Given records Block Start

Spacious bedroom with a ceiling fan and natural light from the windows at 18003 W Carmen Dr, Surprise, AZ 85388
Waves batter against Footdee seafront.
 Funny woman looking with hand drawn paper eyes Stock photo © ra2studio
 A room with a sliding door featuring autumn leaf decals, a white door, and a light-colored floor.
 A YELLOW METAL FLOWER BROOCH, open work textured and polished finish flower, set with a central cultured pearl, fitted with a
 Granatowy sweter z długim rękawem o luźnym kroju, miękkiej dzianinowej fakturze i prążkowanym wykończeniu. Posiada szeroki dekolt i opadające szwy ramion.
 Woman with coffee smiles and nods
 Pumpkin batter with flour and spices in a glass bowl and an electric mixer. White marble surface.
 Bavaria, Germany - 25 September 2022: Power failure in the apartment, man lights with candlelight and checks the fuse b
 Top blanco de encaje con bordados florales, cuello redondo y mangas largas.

Given records Block End

§ Exercise
Nothing should be returned except the lines from the first line of the data above through the line with "Pumpkin batter with", each one exact.

§ Expected output
Spacious bedroom with a ceiling fan and natural light from the windows at 18003 W Carmen Dr, Surprise, AZ 85388
Waves batter against Footdee seafront.
 Funny woman looking with hand drawn paper eyes Stock photo © ra2studio
 A room with a sliding door featuring autumn leaf decals, a white door, and a light-colored floor.
 A YELLOW METAL FLOWER BROOCH, open work textured and polished finish flower, set with a central cultured pearl, fitted with a
 Granatowy sweter z długim rękawem o luźnym kroju, miękkiej dzianinowej fakturze i prążkowanym wykończeniu. Posiada szeroki dekolt i opadające szwy ramion.
 Woman with coffee smiles and nods
 Pumpkin batter with flour and spices in a glass bowl and an electric mixer. White marble surface.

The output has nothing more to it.